Siz 100 yıl önce 'Meclisten önce ordu gerekir, para gerekir.' diyenlere 'Evvela meclis sonra ordu. Orduyu yapacak millet ve ona vekaleten meclistir.' demek suretiyle millet iradesini, o günkü zor şartlarda dahi her şeyin önüne koymuştunuz. Bu şiarla sağlam temeller üzerine inşa ettiğiniz Meclisimiz, orduyu da kurmuş, düşmanı da yenmiştir. Türkiye Büyük Millet Meclisimiz, kuruluşundan itibaren sahip olduğu bu ruhla çizdiğiniz o kutlu yolda, yılmadan yürümeye devam etmektedir.

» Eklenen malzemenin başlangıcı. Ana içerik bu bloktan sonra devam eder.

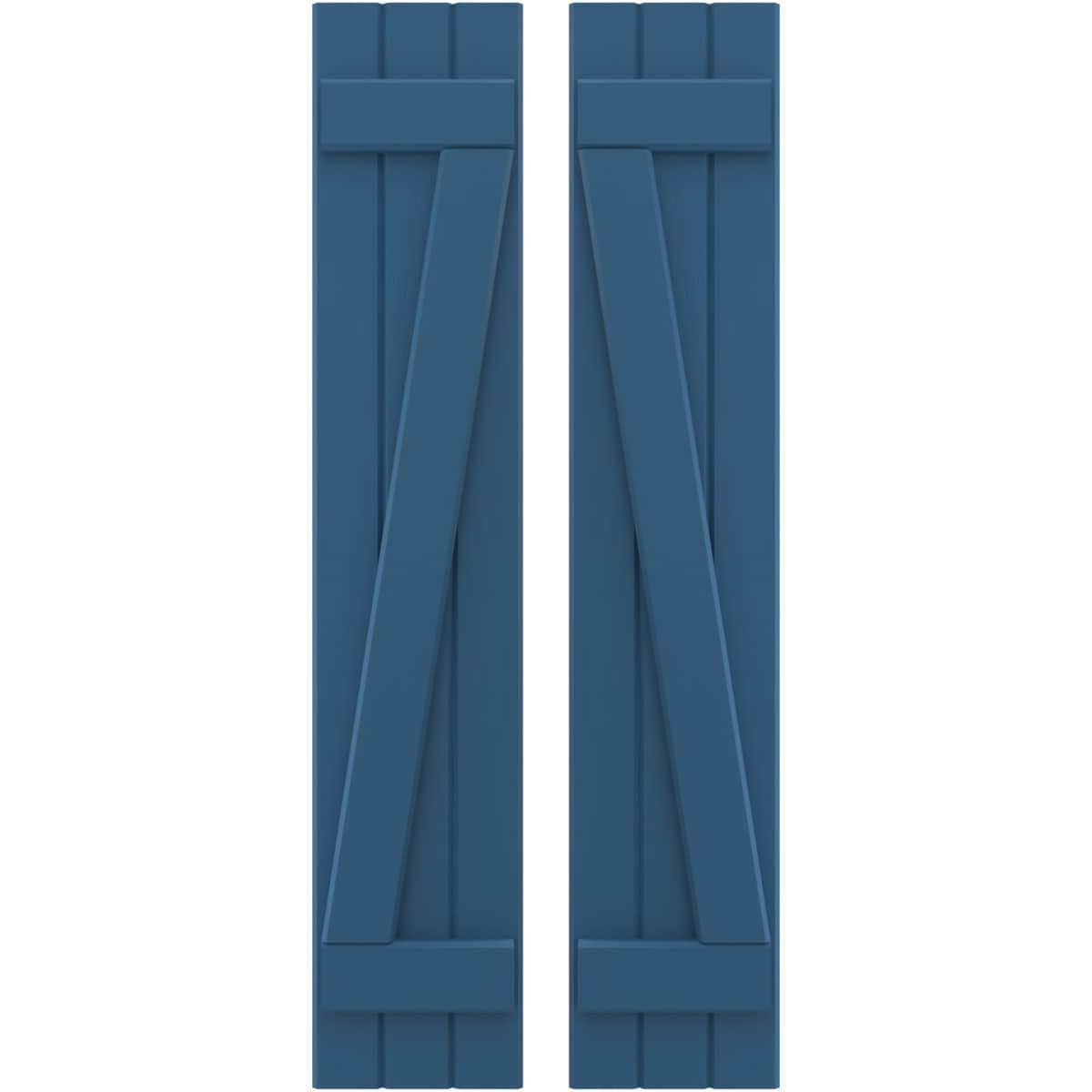 Ekena Millwork 10.5-in W x 81-in H Sojourn Blue Paintable/Stainable Board and batten Spaced with z-bar Wood Exterior Shutters ( 2 -Pack )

Emanetiniz olan Cumhuriyetimiz güvenli ellerdedir, devletimize yönelik her türlü tehdide karşı milletimiz yekvücut olarak mücadele etme azim ve kararlılığındadır. Bu vesileyle sizi ve Milli Mücadele'yi birlikte yürüttüğünüz yol arkadaşlarınızı ve ahirete intikal etmiş milletvekillerimizi rahmet ve minnetle yad ediyorum. Ruhunuz şad olsun."
BİRİNCİ MECLİS'TE ANMA TÖRENİ
TBMM Başkanı Mustafa Şentop ve beraberindeki devlet erkanı, 23 Nisan Ulusal Egemenlik ve Çocuk Bayramı ile TBMM'nin 102. açılış yıl dönümü dolayısıyla Birinci Meclis'teki anma törenine katıldı.
TBMM BAŞKANI ŞENTOP: MİLLİ MÜCADELEMİZİN İLK ESASI ŞÜPHESİZ Kİ TAM BAĞIMSIZLIK HEDEFİDİR
Türkiye Büyük Millet Meclisi (TBMM) Başkanı Mustafa Şentop, "Milli mücadelemizin ilk esası şüphesiz ki tam bağımsızlık hedefidir" dedi.
TBMM'nin açılışının 102. yıl anma ve 23 Nisan Ulusal Egemenlik ve Çocuk Bayramı töreni kapsamın birinci mecliste konuşma yaptı. Konuşmasında birinci meclisin, milli mücadelenin ve milli iradenin tecessüm ettiği, bir büyük mananın fizik bir mekana, bir binaya dönüştüğü yer olduğunu vurguladı.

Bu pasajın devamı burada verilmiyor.